FreeRTOS Privilege Status Detection

jerryhross wrote on Saturday, November 14, 2009:

FreeRTOSS6.0.0:

Definition in:   FreeRTOS.h

#ifndef portPRIVILEGE_BIT
    #define portPRIVILEGE_BIT ( ( unsigned portBASE_TYPE ) 0x00 )
#endif

Usage in:  tasks.c

        /* Should the task be created in privileged mode? */
LINE: 403
        if( ( uxPriority & portPRIVILEGE_BIT ) != 0x00 )
        {
            xRunPrivileged = pdTRUE;
        }
        else
        {
            xRunPrivileged = pdFALSE;
        }
        uxPriority &= ~portPRIVILEGE_BIT;

The code at line 403 will always fail the test ( uxPriority & portPRIVILEGE_BIT ) != 0x00 because portPRIVILEGE_BIT is the value 0 which represents the privilege bit position in uxPriority.  It is being used as a value, zero (0),  instead of a bit position of zero (0) so the expression (uxPriority & portPRIVILEGE_BIT) will always produce a value of zero (0) which will never be !=0x00.

Jerry Ross

rtel wrote on Saturday, November 14, 2009:

#ifndef portPRIVILEGE_BIT
#define portPRIVILEGE_BIT ( ( unsigned portBASE_TYPE ) 0x00 )
#endif

This definition is the default setting when portPRIVILEGE_BIT is not defined anywhere else.  In the Cortex M3 MPU ports portPRIVILEGE_BIT is defined as 0x80000000, which means bit 31 indicates the privilege status.

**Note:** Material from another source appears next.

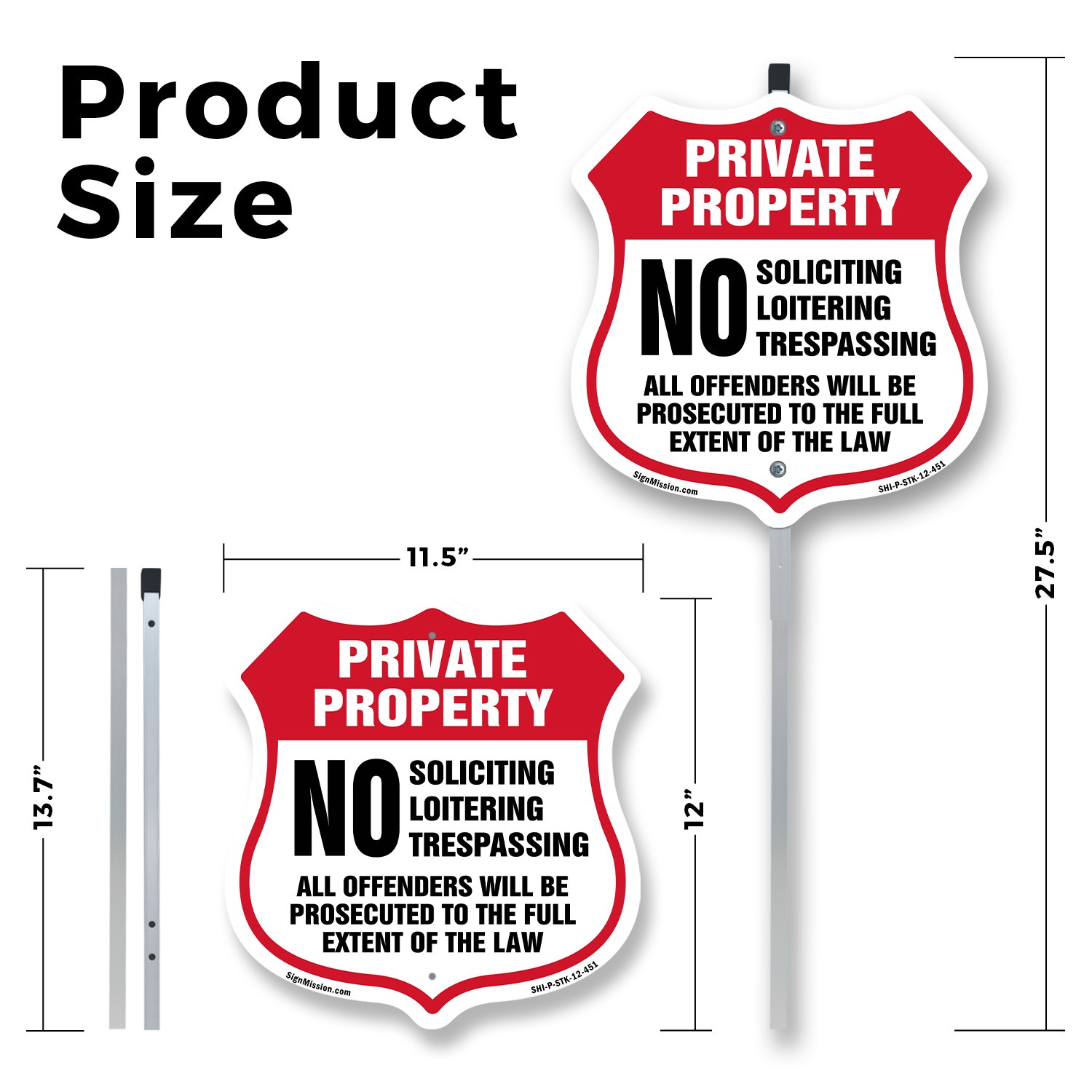 Private Property Shield Sign No Soliciting Loitering Tre Shield Sign With Stake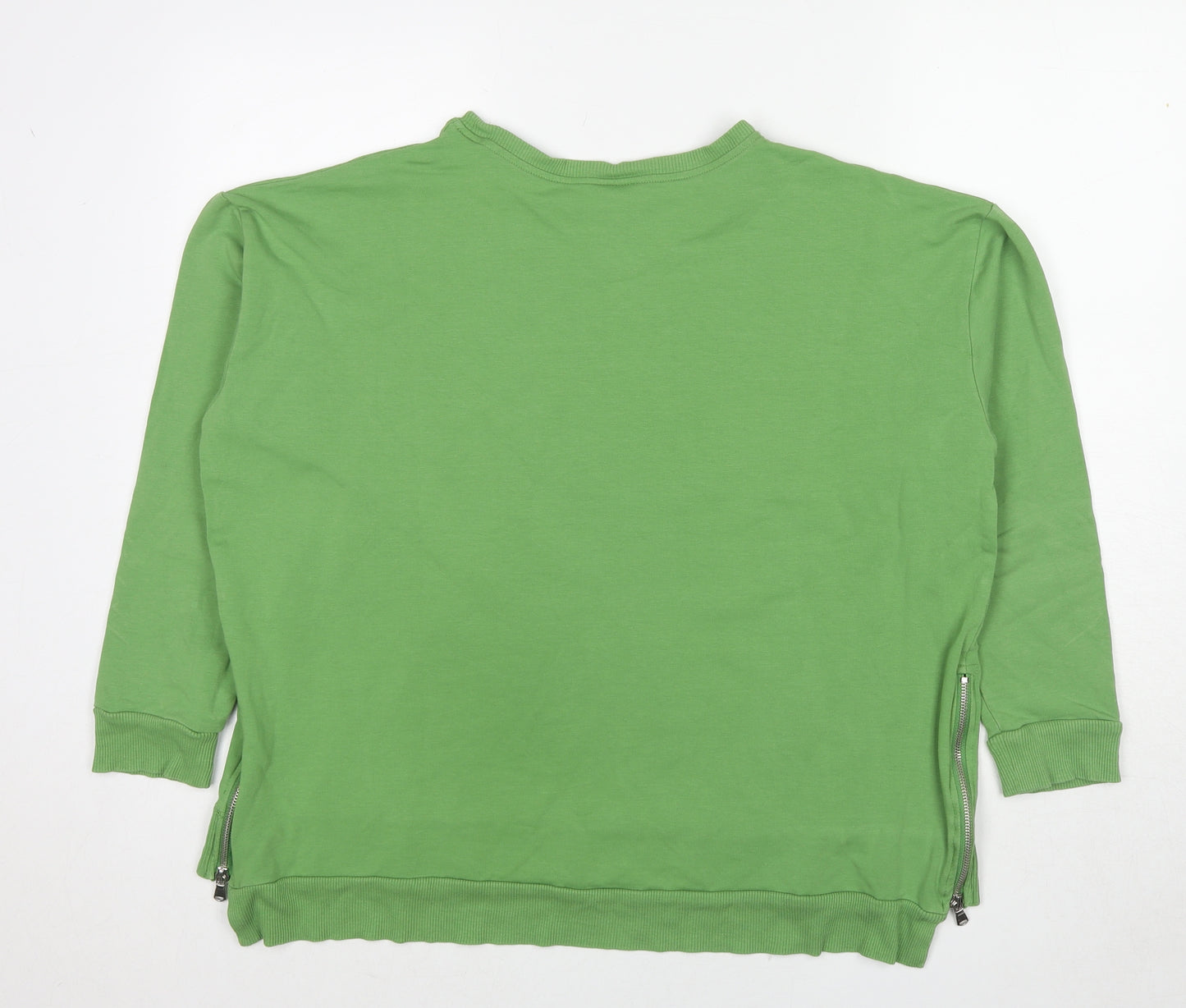 Dreamo Womens Green Cotton Pullover Sweatshirt Size S Pullover - Side zip detail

if( ( uxPriority & portPRIVILEGE_BIT ) != 0x00 )
{
xRunPrivileged = pdTRUE;
}
else
{
xRunPrivileged = pdFALSE;
}

If portPRIVILEGE_BIT is 0 then xRunPrivileged will always be set to pdFALSE as anything bitwise ANDed with 0 will always be zero.  However, if portPRIVILEGE_BIT is set to 0 then the MPU is not being used and pdFALSE is the correct value for xRunPrivileged.  A value of 0 does not mean bit 0, it means no bits are set.

Regards.

jerryhross wrote on Saturday, November 14, 2009:

Thank you for the quick reply.  I understand your logic now.  I should have scanned the entire code base for an answer.  I will be more thorough next time.

My compiler elides the expression because it has no effect.